The next major change occurred in 1988, when A&P switched banners into a Super Fresh grocery store. Super Fresh later closed in 1993 due to "extremely poor sales" that were attributed to competition from a much newer and larger Redner's Warehouse Market that had opened down the street in 1990.

In 1994, what remained of the Hess's department store chain was sold off. Hess's trademarks and most of its remaining stores, including the Trexler Mall location, were purchased by The Bon-Ton Stores, Inc of York, PA and were rebranded with the Bon-Ton name in 1995. By 1995, the Lane department store at Trexler Mall had closed, leaving Bon-Ton as the only anchor tenant. That same year, however, Giant food stores signed a 20-year lease and began demolishing the former Super Fresh store; a brand new Giant supermarket opened at the site in 1996. The former site of Lane became home to a flea market for some time, then by 2002 it had been leased out to the Health Center at Trexlertown, which is part of the Lehigh Valley Health Network.

===21st century===
In 2002, the owners of the mall sought approval from local officials to redevelop much of the mall interior to make way for a new Kohl's department store, with a lawyer for the mall owners declaring "We're going through, as the professionals like to say, the de-malling of the Trexler Mall". Over the course of the next year, the Kohl's opened and the remainder of the mall was converted into a strictly open-air strip mall called The Shoppes at Trexler. In 2011, Giant supermarket left the Shoppes at Trexler to open a new facility adjacent to the former mall. Marshalls opened in the former Giant in 2012, though the space was later subdivided so that half would remain Marshalls while the other half became HomeGoods.

On January 31, 2018, it was announced that The Bon-Ton would be closing as part of a plan to close 42 stores nationwide. The store closed in April 2018. Until it was repainted in early 2018, a water tower behind the plaza remained painted with the words "Trexler Mall" despite the fact that the mall had been defunct for about 15 years prior.

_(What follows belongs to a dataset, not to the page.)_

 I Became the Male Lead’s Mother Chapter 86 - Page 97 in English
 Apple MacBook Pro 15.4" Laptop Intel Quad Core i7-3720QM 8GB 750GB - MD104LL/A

In 2020, the former site of The Bon-Ton will become Urban Air Adventure Park, an indoor amusement park.

==Mall facts==
- The Trexler Mall had a unique L-shape; the enclosed mall spanned between the original anchors Grant City and Laneco, while a section of outdoor strip mall connected Grant City to A&P at an irregular angle.
- The former mall apparently has three different names. While the pylon sign for the plaza refers to it as "The Shoppes at Trexler", the water tower behind the mall that formerly read "Trexler Mall" was repainted in 2018 and now reads "The Shops at Trexlertown". Meanwhile, the owners of the property, Cedar Realty Trust, continue to list the property as the "Trexler Mall" on their portfolio.
- Laneco, a local chain of stores in eastern Pennsylvania and New Jersey, typically operated stores that functioned as a combination of both a department store and a food market. However, the Lane department store at the Trexler Mall was a rare instance of a Laneco store that lacked a food market, likely due to the presence of A&P at the same mall.
- The Trexler Mall Coin Laundry, currently located in the rear of the shopping center, has been a tenant in the mall since 1981.
- The Trexler Mall was one of only two malls in the Lehigh Valley area that permitted smoking inside by 1995; the other was the Richland Mall of Quakertown. Coincidentally, the Richland Mall has also since been converted to a strictly open-air shopping plaza.